- _ASSIGNMENT_: A verbatim repetition of the data below is requested, without images.

- _GIVEN DATA_:

++++++++++++++++++++

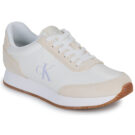 Calvin Klein Jeans RUNNER LACEUP LOW MIXMG Bianco Sneakers basse Donna - 1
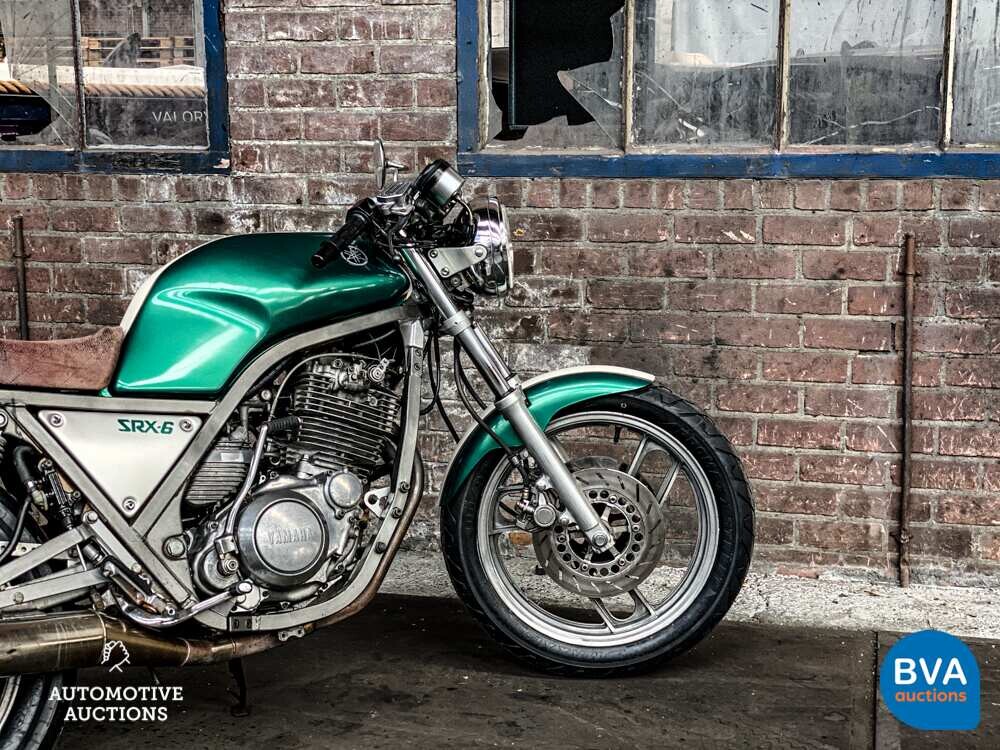 Yamaha SRX600 Cafe Racer 45 PS 1991, MJ-44-VL.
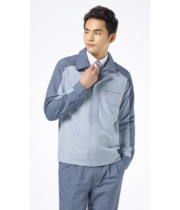 TB-185J / 185P 소재	POLYESTER 65%, RAYON 35% 사이즈	상의 : M , L , XL , 2XL , 3XL , 4XL 하의 : 28 , 30 , 32 , 34 , 36 , 38 , 40 색상	L. BLUE (라이트 블루) 원단	TAK원단 사용 / T/R 트로피컬 특징	YKK 지퍼 사용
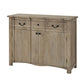 Copgrove Wooden Drawer 2 Door Sideboard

++++++++++++++++++++

- _TASK RESPONSE_:
 Calvin Klein Jeans RUNNER LACEUP LOW MIXMG Bianco Sneakers basse Donna - 1
 Yamaha SRX600 Cafe Racer 45 PS 1991, MJ-44-VL.
 TB-185J / 185P 소재	POLYESTER 65%, RAYON 35% 사이즈	상의 : M , L , XL , 2XL , 3XL , 4XL 하의 : 28 , 30 , 32 , 34 , 36 , 38 , 40 색상	L. BLUE (라이트 블루) 원단	TAK원단 사용 / T/R 트로피컬 특징	YKK 지퍼 사용
 Copgrove Wooden Drawer 2 Door Sideboard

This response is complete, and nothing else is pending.